Task brief: Please repeat exactly the lines from the one containing "skriver Mona Nykänen." through the last line of the records, both included, and nothing else, leaving out any pictures.

(Short web captions)
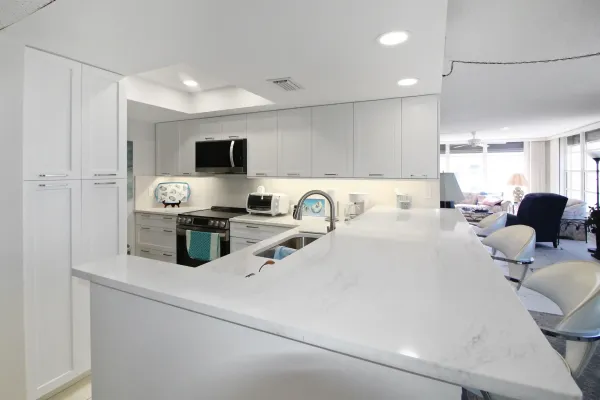 629 Alhambra Rd Unit 703, Venice, Florida 34285, 2 Bedrooms Bedrooms, 0 ,2 BathroomsBathrooms,Condo,Seasonal Rental,Alhambra Rd ,3381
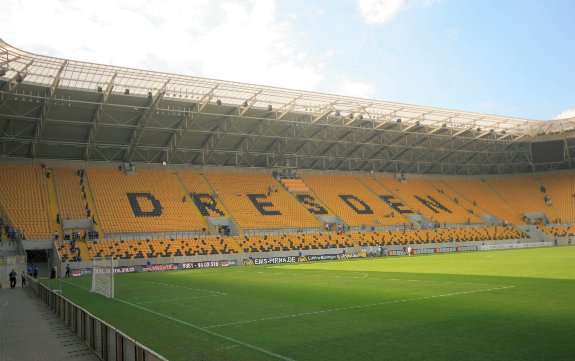 Rudof-Harbig-Stadion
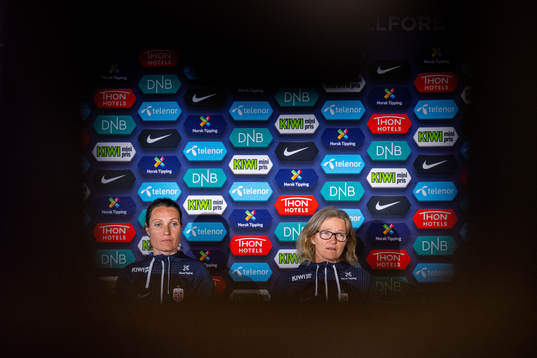 Ingvild Stensland and Hege Riise, head coach of the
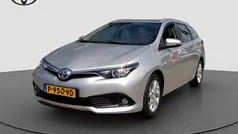 Grijs Gebruikt 2016 Toyota Auris Hybrid Stationwagen | € 12.495 (Eerlijke prijs)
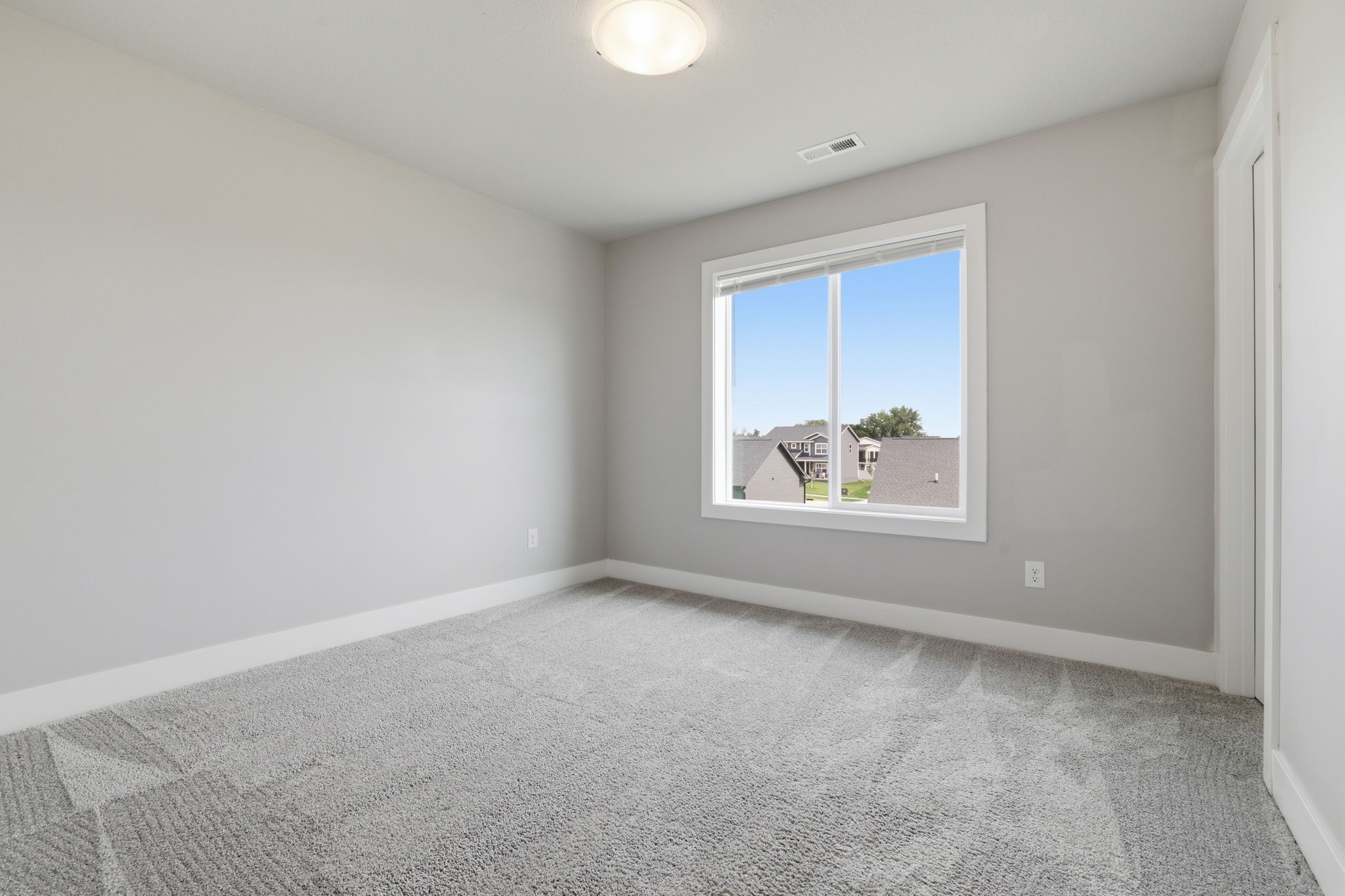 15230 Deerview Drive Property Photo 16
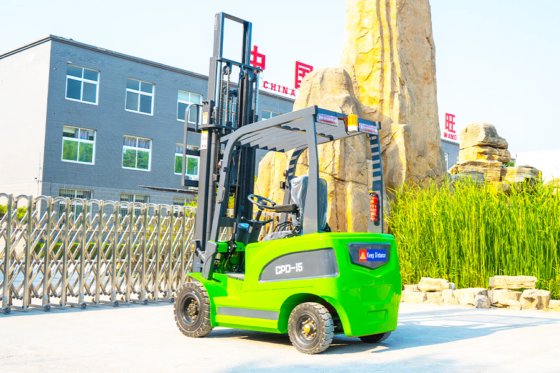 恒旺 HW1.5T 电动叉车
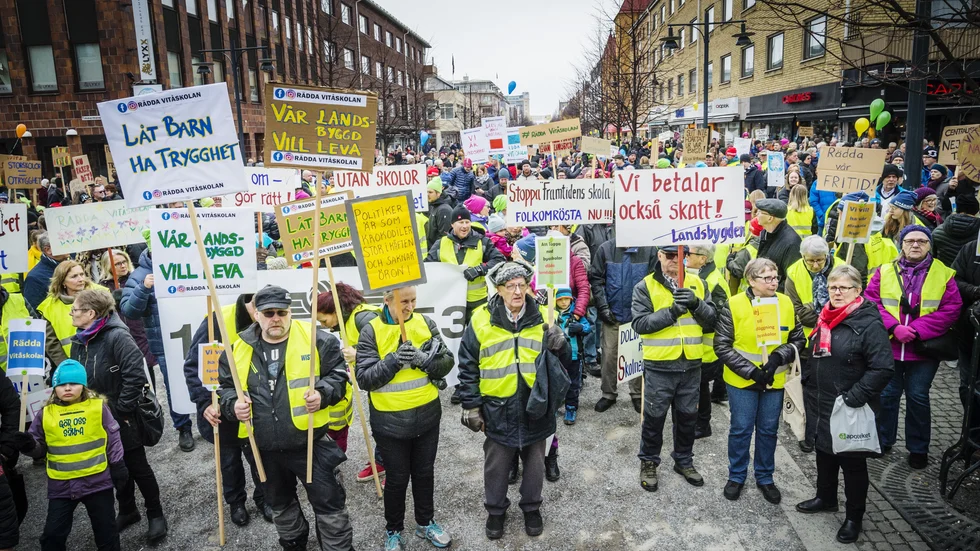 "Det är en kamp för att hela kommunen ska leva, inte bara de centrala delarna. Därför har jag fortsatt lägga mycket av min tid på skolfrågan", skriver Mona Nykänen. 
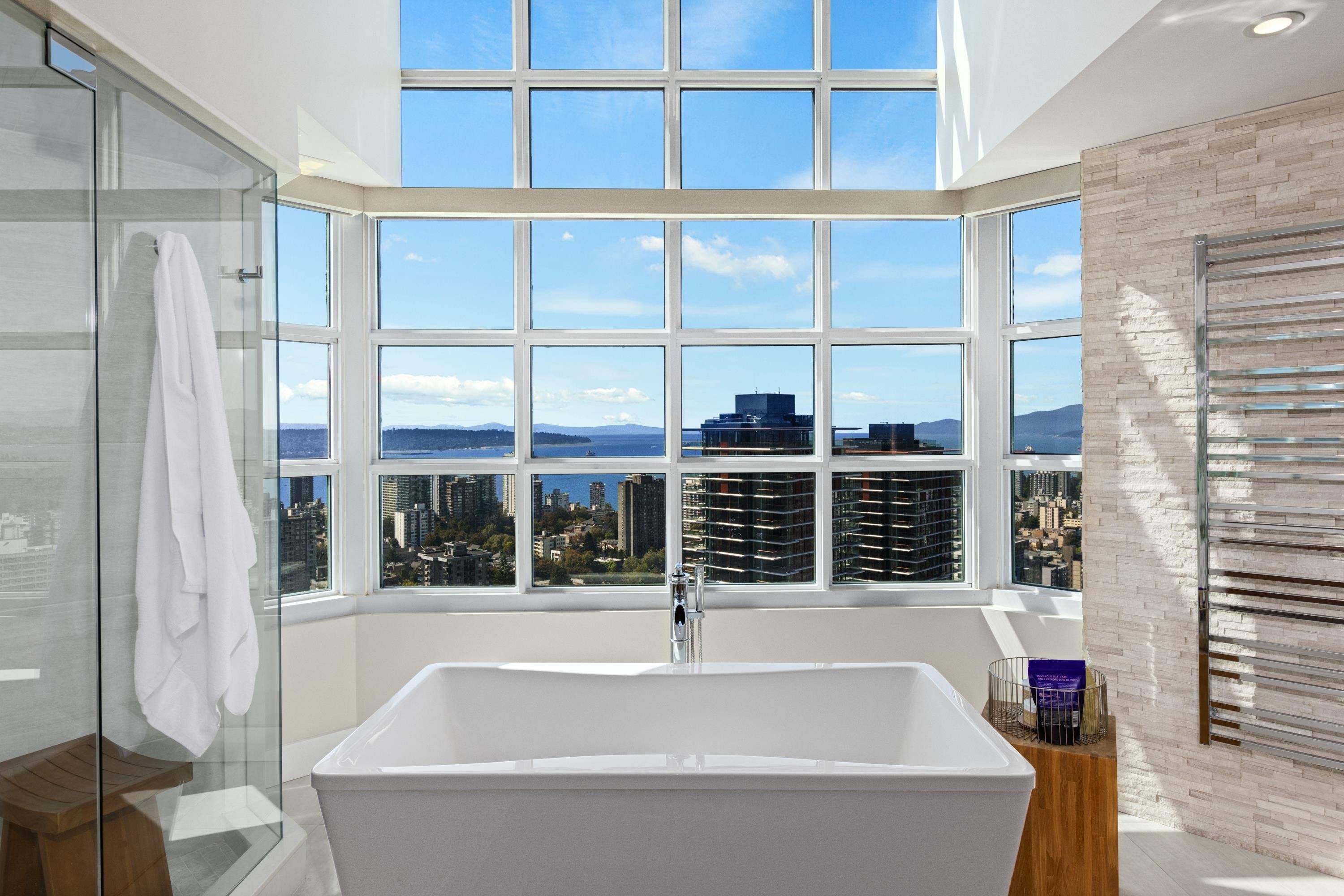 717 Jervis ST #3101, Vancouver, BC V6E 4L5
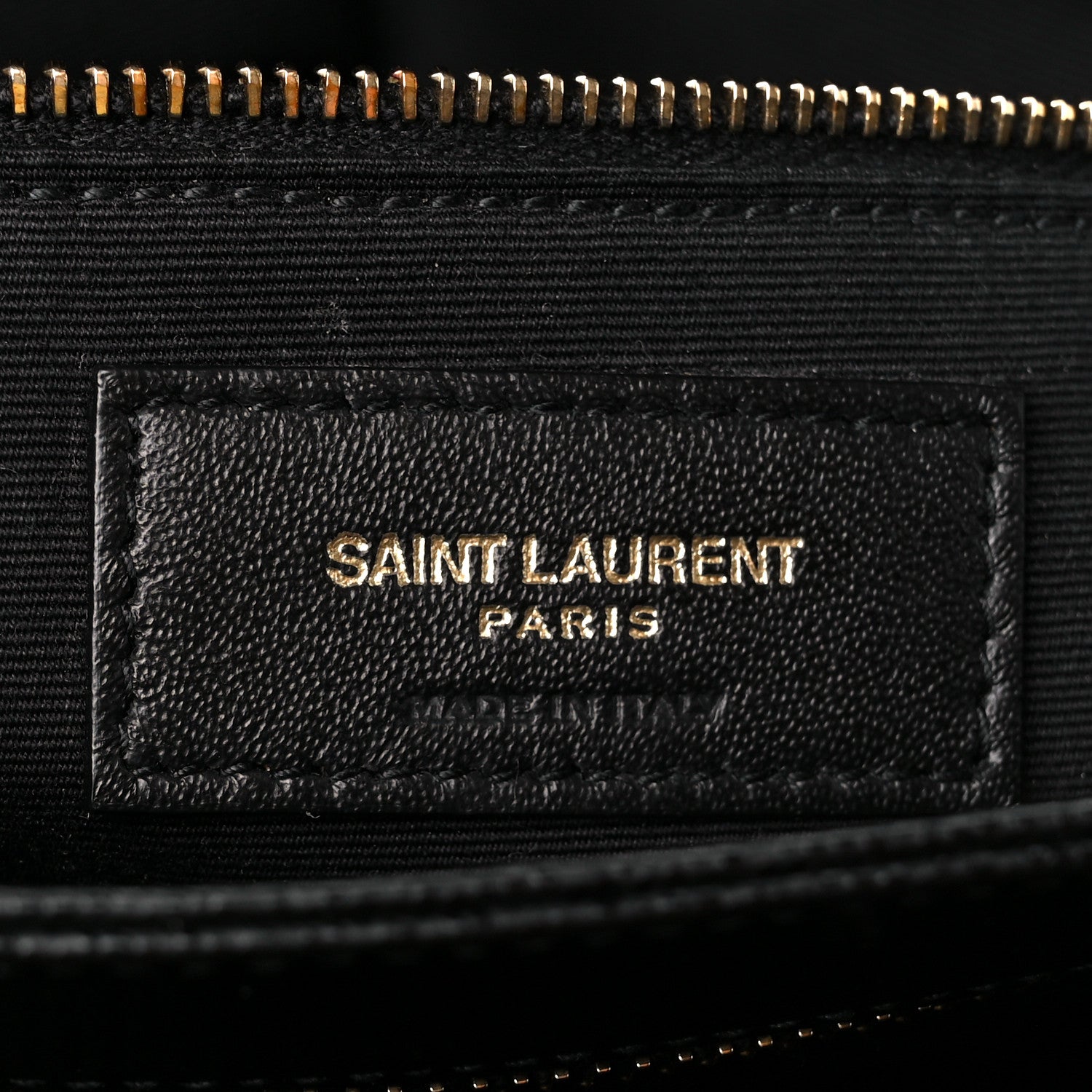 Saint Laurent Grain de Poudre Matelasse Chevron Medium Tribeca Shopping Bag Black 7 of 10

Completed task:
 "Det är en kamp för att hela kommunen ska leva, inte bara de centrala delarna. Därför har jag fortsatt lägga mycket av min tid på skolfrågan", skriver Mona Nykänen. 
 717 Jervis ST #3101, Vancouver, BC V6E 4L5
 Saint Laurent Grain de Poudre Matelasse Chevron Medium Tribeca Shopping Bag Black 7 of 10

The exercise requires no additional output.